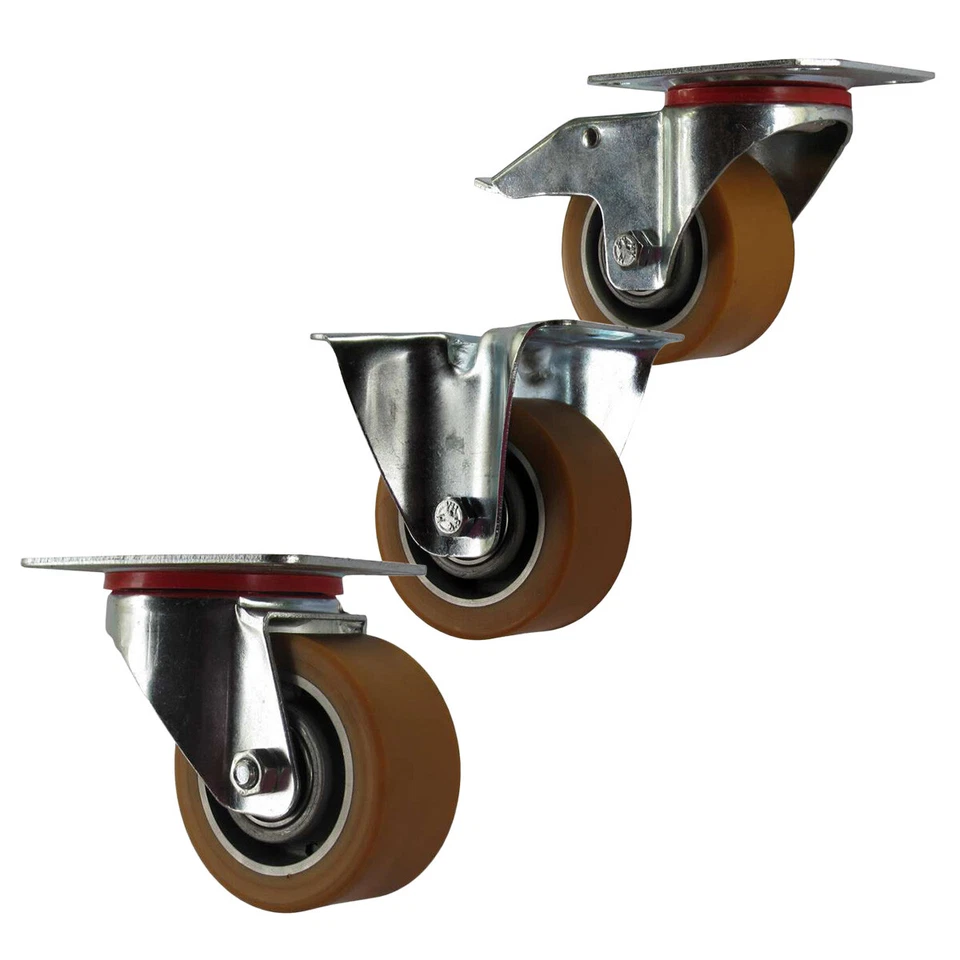 Wiko Schwerlastrollen 80mm Transportrollen Polyurethanrad Bockrollen Lenkrollen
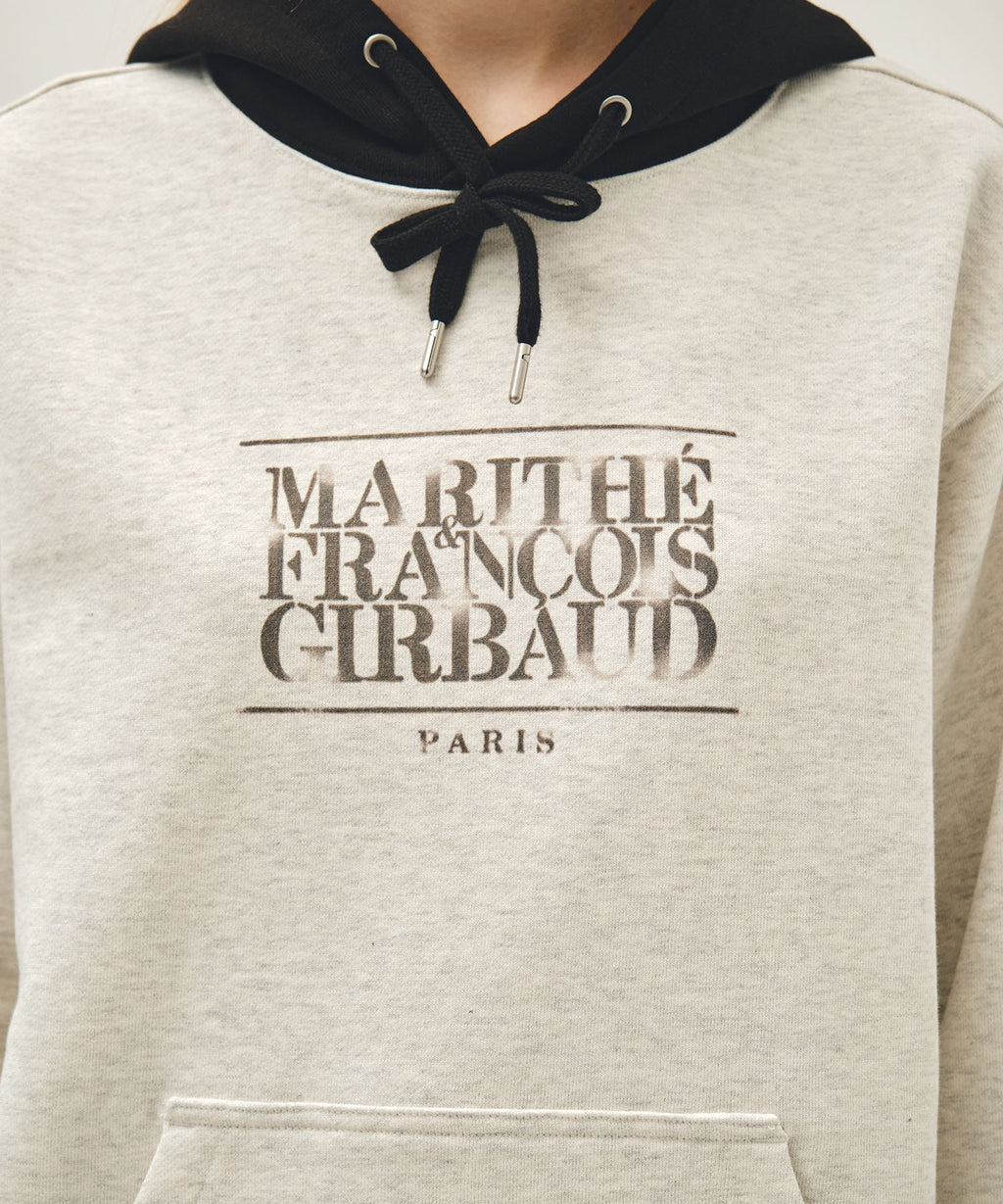 Marithe & Francois Girbaud - Shadow Classic Logo Color Block Hoodie (Oatmeal) product image 4 | TRAB K-Fashion Australia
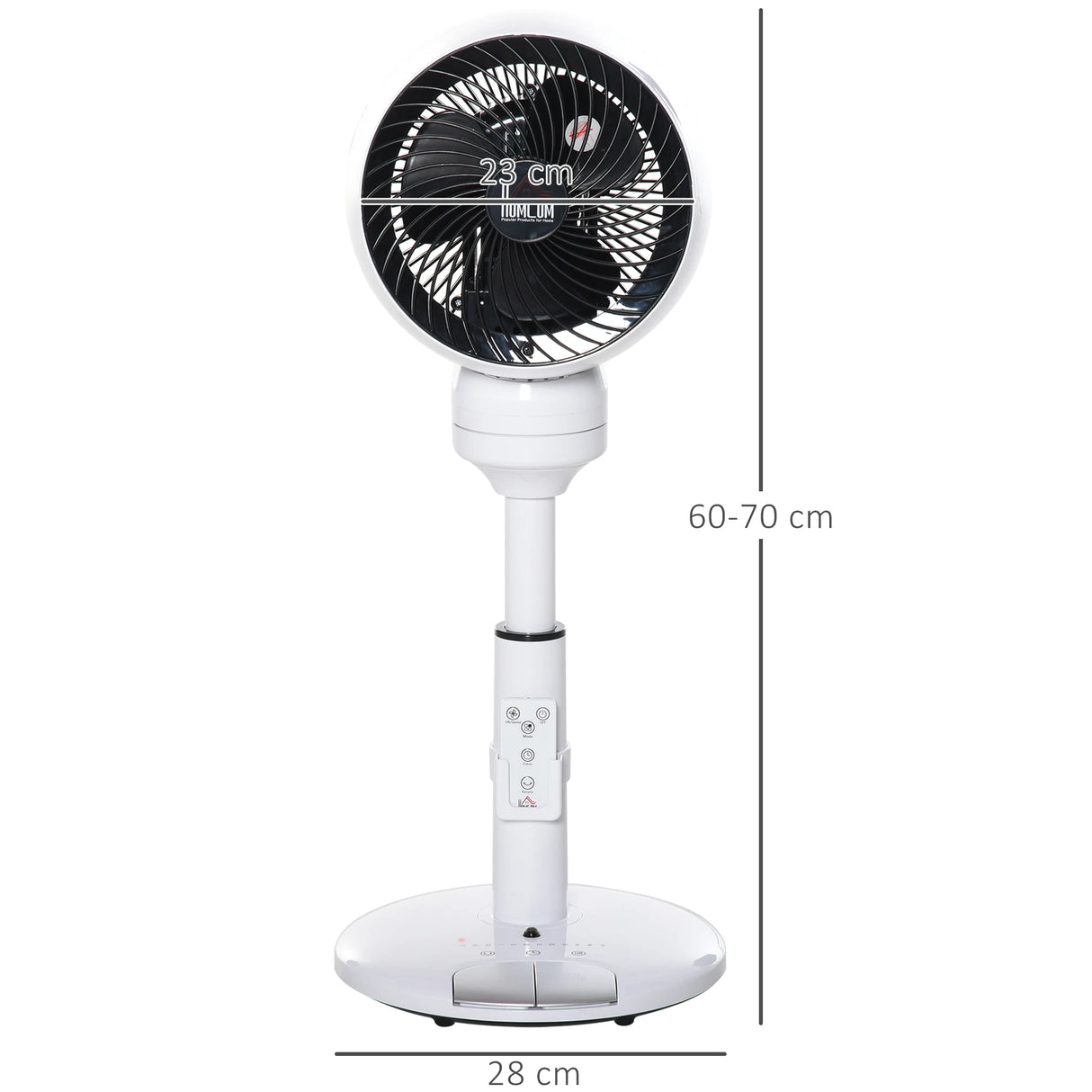 HOMCOM 9'' Air Circulator Fan 3 Speed 3 Mode, 70 Oscillation 90 Vertical Tilt, Height Adjustable, Remote Controller, for Living Room, Bedroom, Office, Black and White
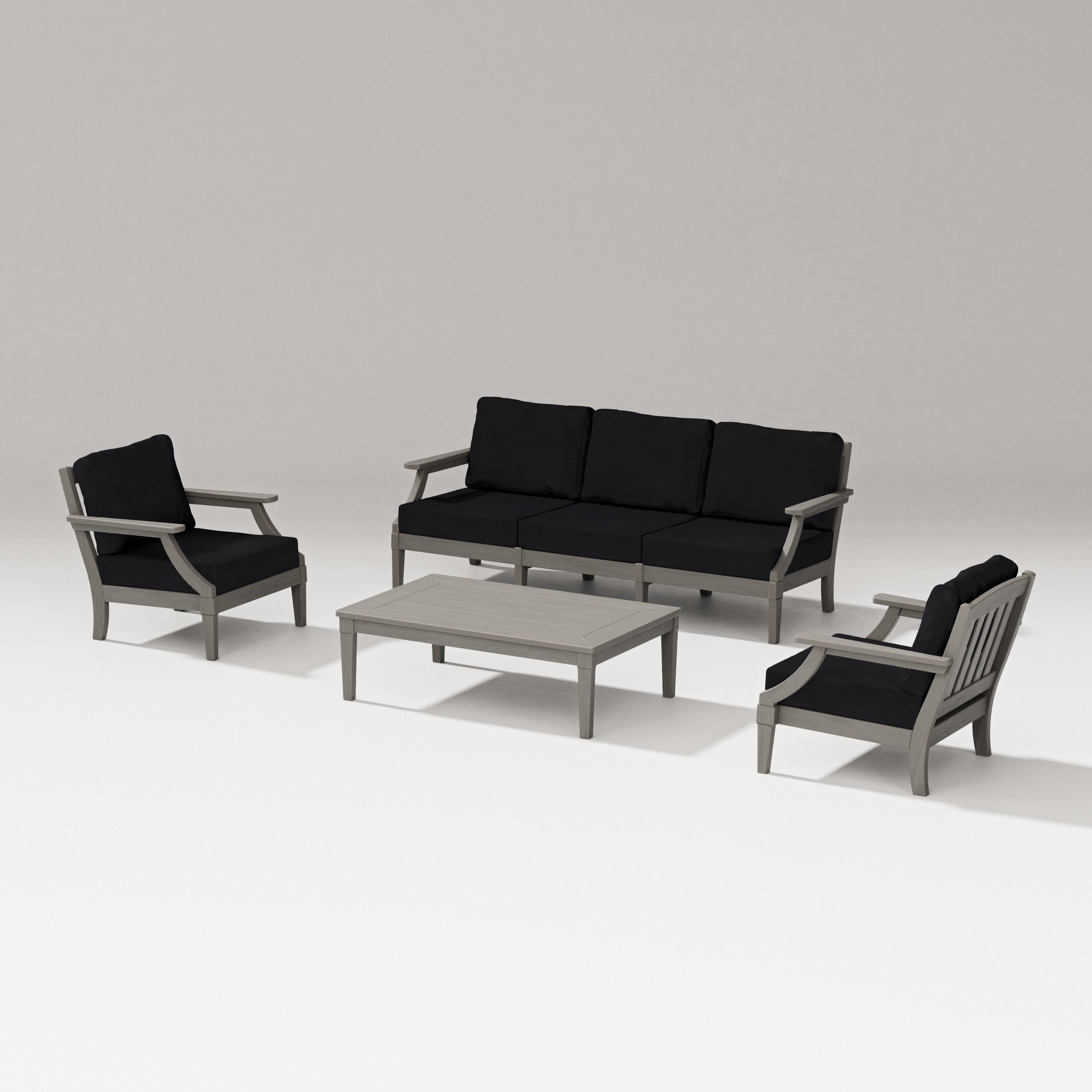 Estate 4-Piece Lounge Sofa Set in Driftwood / Midnight Linen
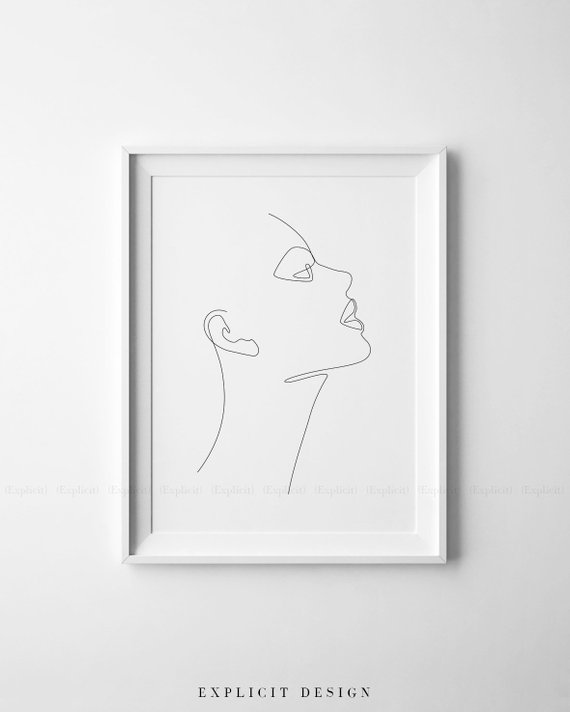570x712 Printable Girl Face Profile Sketch One Line Abstract Drawing Etsy - Face Profile Sketch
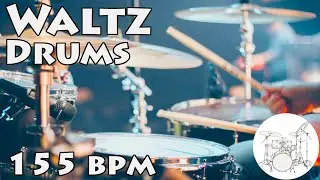Play Along Drums Waltz 155 bpm :: Ritmo Para Tocar Vals 155 bpm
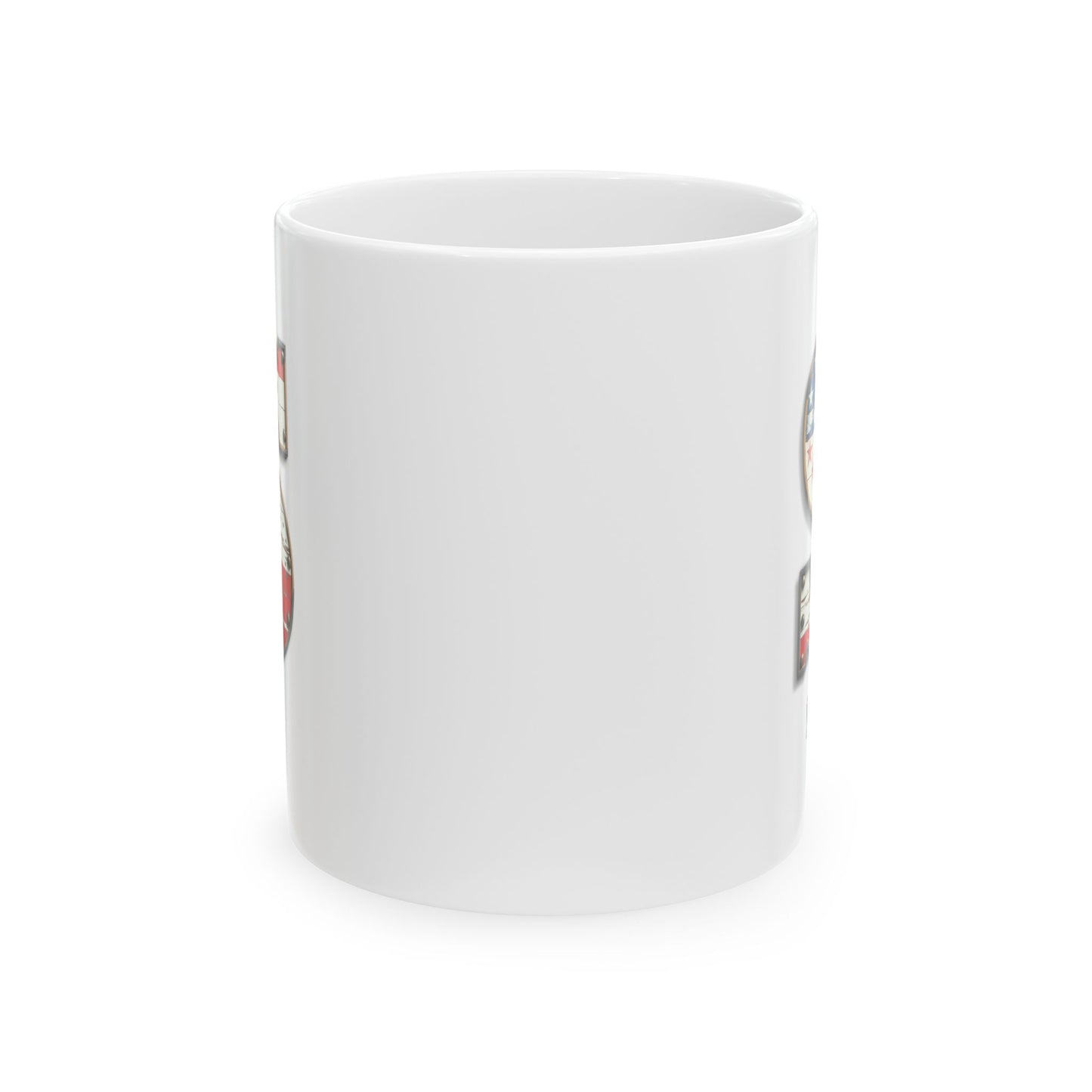 Mug - Patriotic American Flag Letter S with Kevin Name - Vintage Red, White, and Blue Design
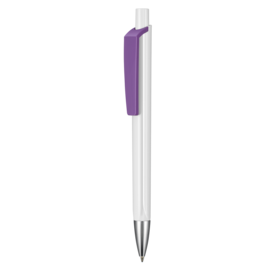 Kugelschreiber TRI-STAR–weiss/violett bedrucken, Art.-Nr. 03530_0101_0903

Task description: Please copy exactly the lines from the one containing "Play Along Drums" through the last line of the records, both ends included, and leave out any pictures.

Answer to the problem:
Play Along Drums Waltz 155 bpm :: Ritmo Para Tocar Vals 155 bpm
 Mug - Patriotic American Flag Letter S with Kevin Name - Vintage Red, White, and Blue Design
 Kugelschreiber TRI-STAR–weiss/violett bedrucken, Art.-Nr. 03530_0101_0903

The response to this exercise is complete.